Voters: the time-zone fallout
It's a pity Americans don't lift up their eyes oftener to Canada. They would learn a lot of things. For example, there is commotion now in United States political circles because on Nov. 4 the radio-TV media disclosed the Reagan landslide in the East before the far West closed its polls. "Why bother to vote?" a lot of Californians are supposed to have said. Queues of waiting voters in some areas reportedly melted. Television networks, led by NBC, forecast the national election result at 5:15 p.m. Pacific Standard Time. President Carter conceded at 6:15. Not only voters but precinct workers on the West Coast quit and went home, according to irritated Democrats.

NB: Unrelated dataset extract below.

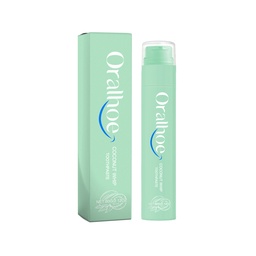 Kem Đánh Răng Oralhoe Coconut Whip, Nhiều Hương Vị, Làm Sạch Răng, Tartar Vàng, Hơi Thở Tươi Mát, Răng Đẹp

Here's an example: Rep. Al Ullman (D) of Oregon, chairman of the House Ways and Means Committee, won't be back to Congress next year. He was in a neck-and-neck race with his Republican adversary, Denny Smith. He lost by 1 percentage point. He blames it on time-zone effect. And think of Rep. James Corman (D) of California -- he lost by 900 votes. He, too, believes he was a time-zone fallout.Why can't something be done about it, Washington asks.
Something has been done about it in Canada. For some years Canada has forbidden broadcasts about the election results of eastern time zones into western time zones until the latter's polls have closed. Here's how an official study describes it (reference paper 109, revised, April 1978):
"Partisan radio and TV broadcasts as well as advertising in periodical publications are prohibited from the day of the issue of the writs (i.e., announcement of election) to the 29th day before polling day, as well as on the polling day, and on the day immediately preceding polling day.
"Owing to time-zone differences, election results in eastern Canada are known before voting ends in the west.
"Federal law therefore prohibits the publication or broadcasts in any area, before polls close in that area, of the result of voting in any electoral district in Canada.
"This is intended to prevent late-voting westerners from being influenced by the results already made public in the East."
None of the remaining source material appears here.